NOTE: Yohimbine can also be used as a reversal agent, but its lack of
receptor specificity (40:1 alpha-2/alpha-1 ratio vs. 8500:1 for
atipamezole), its effects on dopaminergic, serotonergic and GABAergic
receptors, and its potential to induce hypotension and tachycardia make it
a less attractive option.
5) Intramuscular
administration is best achieved by injection into the lumbar epaxial
muscles (to avoid delayed or reduced effectiveness if inadvertently
injected intrafascially in other muscle groups).
6) Intravenous injection
provides more immediate sedation/analgesia, but may, depending on dose,
produce more significant adverse hemodynamic effects. In most instances,
intramuscular injection is preferred.
Pre-anesthetic --
in combination with an opioid (and anti-cholinergic depending on user
preference and/or patient/procedure) as part of a balanced anesthetic
approach. The following are the most common dose ranges for dogs and cats:
Dogs: 5-10 ug/kg (0.005-0.010 mg/kg) IM with an opioid
Cats: 10-15 ug/kg (0.010-0.030 mg/kg) IM with an opioid
+/- ketamine.
Important factors to remember when using medetomine as a
pre-anesthetic include:
1) Medetomidine will markedly reduce the amount of
induction and maintenance drugs required for anesthesia. Generally, half
or less of the standard induction drug dose should be used, and inhalant
levels should be carefully monitored, with close attention paid to blood
pressure intraoperatively.
2 The lower heart rates commonly encountered when using
medetomidine take some getting used to. As a general rule, if blood
pressure is normal mild bradycardia is not a cause for concern. If severe
bradycardia or hypotension occurs, the medetomidine can be reversed with
atipamezole; this will often necessitate increasing other
analgesic/anesthetic drugs to maintain the patient. Maintaining induction
agents with the patient at all times provides a more attractive option
than high level inhalant agent, should the patient become unexpectedly
responsive.
3) Wait at least 15-20 minutes after giving medetomidine
before inducing the patient; this allows maximal effect to occur, and
reduces the risk of inadvertent overdose of induction drugs.

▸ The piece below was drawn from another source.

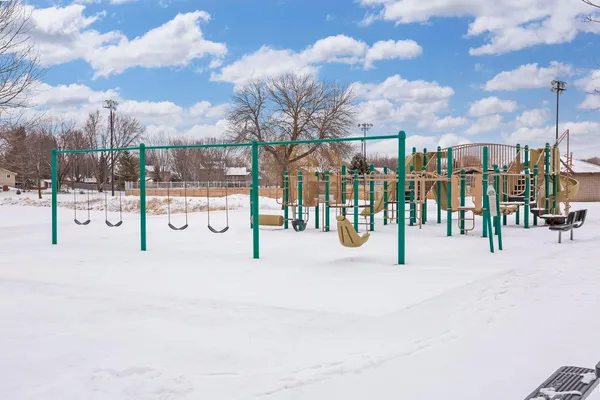 $445,000 | 13793 89th Place North, Maple Grove, MN 55369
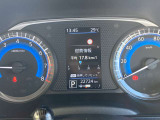 メーター中央部にドライブアシストディスプレイがあり、ドライバーに必要な車両情報を表示してくれます♪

4) Doses as low as 0.2 to 2.0 ug/kg (0.0002 to 0.002
mg/kg) may be clinically useful when combined with an opioid.
5) Doses as high as 30 ug/kg (0.030 mg/kg) may be
necessary when managing more aggressive patients.
IM only anesthetic protocol
-- for routine feline elective procedures, some
practitioners favor what has come to be known as "DKT"(Domitor/Ketamine/Torbugesic).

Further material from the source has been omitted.